D’autant plus qu’à ce moment-là, le public est particulièrement réceptif aux nouvelles expériences d’un rap tricolore en plein renouvellement. Nekfeu (en solo), Niska, Georgio, JuL, Gradur, Vald ou encore le duo PNL sont tous en train d’exploser aux yeux du grand public. Lacrim, les Casseurs Flowters, Lino, Kaaris et Booba sont de retour à leur meilleur niveau. En cette année bouillonnante, SCH s’affirme pleinement comme une singularité à part entière de la scène française.

Un rap français en plein renouvellement

De plus, il démontre avec ce premier disque une palette vocale large et pertinente. Avec sa voix venue des enfers, il oscille entre les deux courants principaux du moment, pour n’en garder que l’essentiel : l’efficacité de la trap et le raffinement du cloud rap. L’auto-tune est présente à foison, mais toujours au service de la direction artistique du projet, et le rappeur du sud de la France arrive avec ses propres expressions et son vocabulaire bien caractéristique (“scélérat”, “mathafack”, etc.). SCH a déjà tout bon pour devenir un grand.
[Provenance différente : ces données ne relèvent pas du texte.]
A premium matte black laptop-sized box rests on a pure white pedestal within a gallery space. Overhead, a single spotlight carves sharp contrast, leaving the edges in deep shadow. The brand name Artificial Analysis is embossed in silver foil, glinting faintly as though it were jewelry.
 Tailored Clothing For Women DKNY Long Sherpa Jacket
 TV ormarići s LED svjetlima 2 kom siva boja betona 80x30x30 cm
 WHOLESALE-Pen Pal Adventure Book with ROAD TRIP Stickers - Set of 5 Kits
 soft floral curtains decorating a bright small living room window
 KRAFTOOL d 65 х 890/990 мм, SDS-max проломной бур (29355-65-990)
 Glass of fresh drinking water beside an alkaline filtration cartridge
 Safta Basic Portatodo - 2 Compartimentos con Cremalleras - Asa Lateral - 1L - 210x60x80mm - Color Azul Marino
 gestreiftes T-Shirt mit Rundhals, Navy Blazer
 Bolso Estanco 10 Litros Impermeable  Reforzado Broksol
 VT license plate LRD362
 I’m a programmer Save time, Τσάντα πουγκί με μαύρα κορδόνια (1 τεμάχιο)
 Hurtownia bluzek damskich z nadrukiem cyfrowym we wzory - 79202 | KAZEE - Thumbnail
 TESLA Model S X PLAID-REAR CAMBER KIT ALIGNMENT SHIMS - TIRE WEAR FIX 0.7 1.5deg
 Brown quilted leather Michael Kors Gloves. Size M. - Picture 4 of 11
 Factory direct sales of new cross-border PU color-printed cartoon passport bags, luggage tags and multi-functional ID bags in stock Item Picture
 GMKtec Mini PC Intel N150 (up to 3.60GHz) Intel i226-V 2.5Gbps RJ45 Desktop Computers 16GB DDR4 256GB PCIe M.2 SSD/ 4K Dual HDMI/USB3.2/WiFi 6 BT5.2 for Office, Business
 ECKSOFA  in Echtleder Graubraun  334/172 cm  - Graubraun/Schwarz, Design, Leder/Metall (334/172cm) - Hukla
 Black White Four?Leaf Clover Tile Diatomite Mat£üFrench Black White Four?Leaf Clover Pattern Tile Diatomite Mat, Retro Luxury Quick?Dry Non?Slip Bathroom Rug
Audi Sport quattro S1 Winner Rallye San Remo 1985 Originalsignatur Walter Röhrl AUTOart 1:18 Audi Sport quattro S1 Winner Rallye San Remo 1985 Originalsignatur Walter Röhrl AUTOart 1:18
C’est d’ailleurs dans le fameux quartier de la Scampia de Naples – là où un certain groupe originaire de Corbeil-Essonnes tournera également “Le monde ou rien”, autre tube rap français de l’année – que le S aka Götze n°19 se rend pour le clip d’un premier single en parfaite harmonie avec sa proposition artistique : “Gomorra”. Un autre morceau du projet fait lui aussi référence à la série, puisqu’il reprend les prénoms de deux des protagonistes : “Genny & Ciro”. Preuve ultime de l’attachement de SCH à l’œuvre italienne.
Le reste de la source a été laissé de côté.